[DATA PROVIDED]

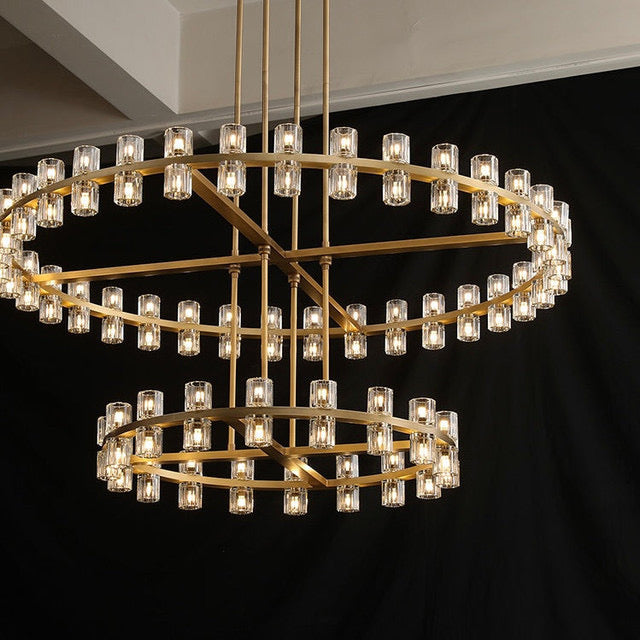 Arcachon Crystal 2-Tier Round Chandelier 54“ Customization-MEET LIGHTING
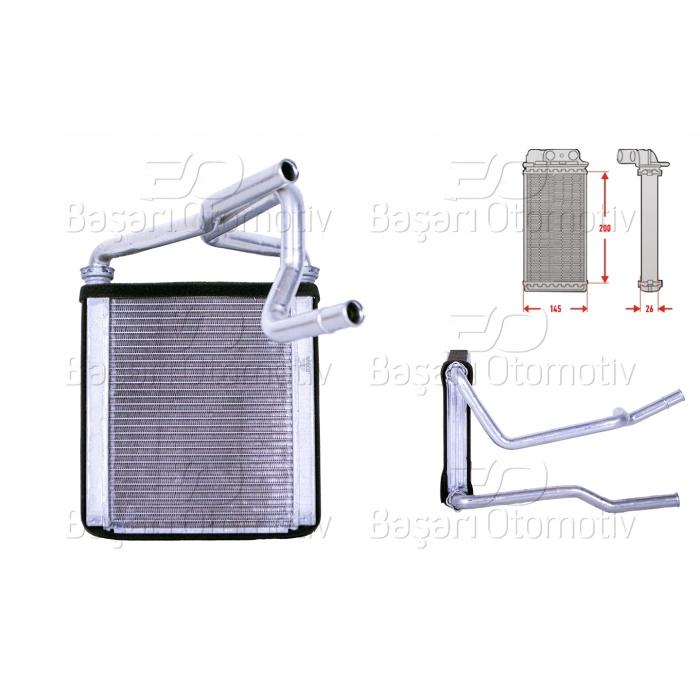 KALORIFER RADYATORU BRAZING 144X190 MM HONDA JAZZ 1.4 I 02 >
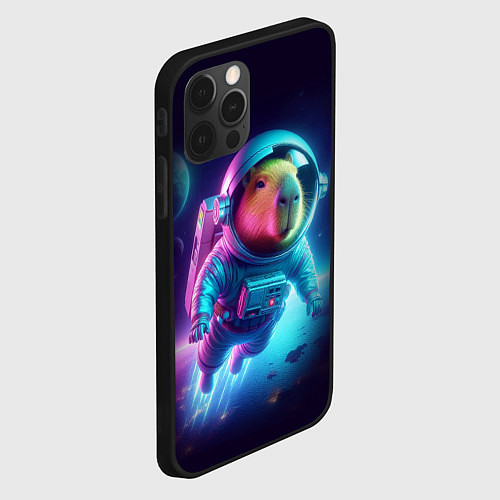Чехол iPhone 12 Pro Полёт капибары в космосе - неон / 3D-Черный – фото 2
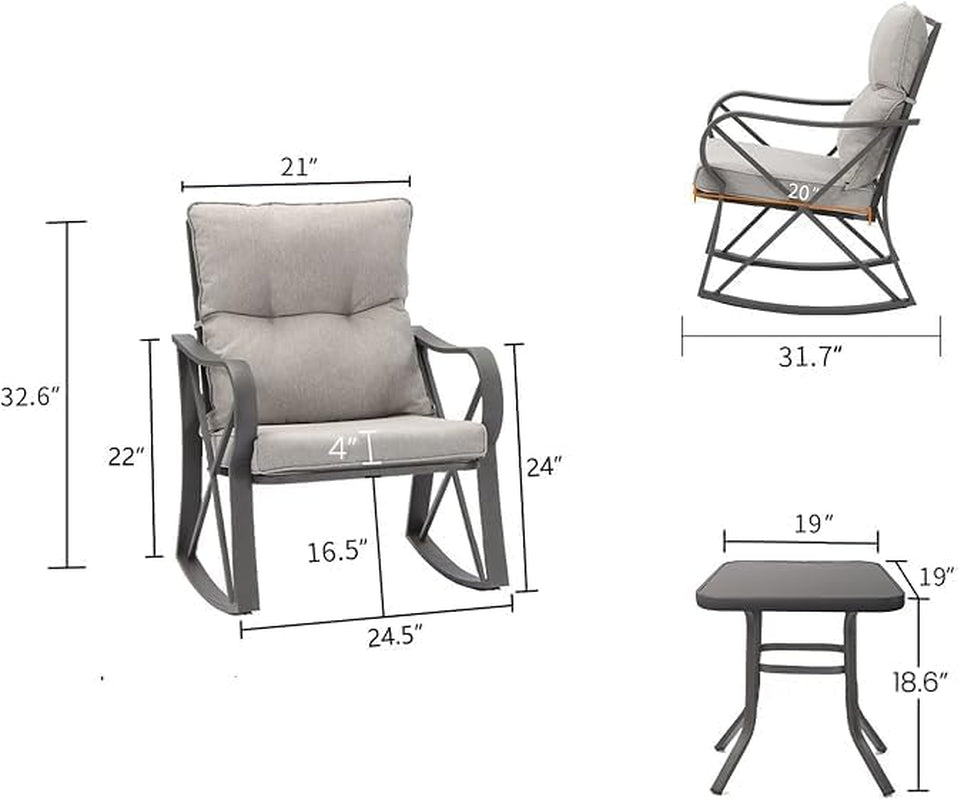 3 Piece Bistro Set Patio Rocking Chairs Outdoor Furniture W Warm Gray Cushions, Glass-Top Table for Garden, Pool, Backyard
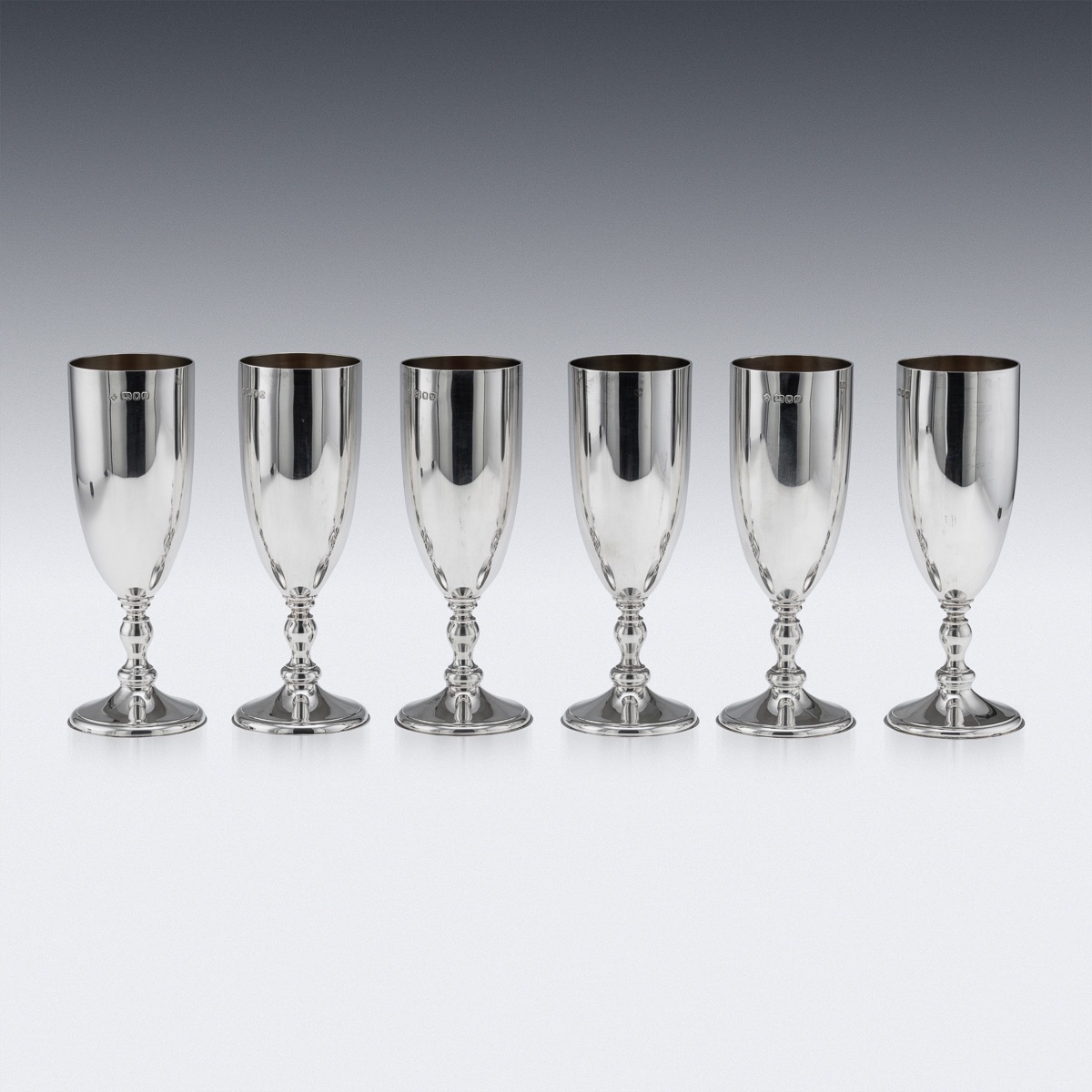 Vintage 20thc English Solid Silver Set Of Six Champagne Flutes, London C.1986-photo-6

[/DATA PROVIDED]

* WHAT TO WORK ON
No pictures belong in the copy. Return exactly the lines from the line containing "KALORIFER RADYATORU BRAZING" through the last line of the listing.

* ANSWER AREA
 KALORIFER RADYATORU BRAZING 144X190 MM HONDA JAZZ 1.4 I 02 >
Чехол iPhone 12 Pro Полёт капибары в космосе - неон / 3D-Черный – фото 2
 3 Piece Bistro Set Patio Rocking Chairs Outdoor Furniture W Warm Gray Cushions, Glass-Top Table for Garden, Pool, Backyard
 Vintage 20thc English Solid Silver Set Of Six Champagne Flutes, London C.1986-photo-6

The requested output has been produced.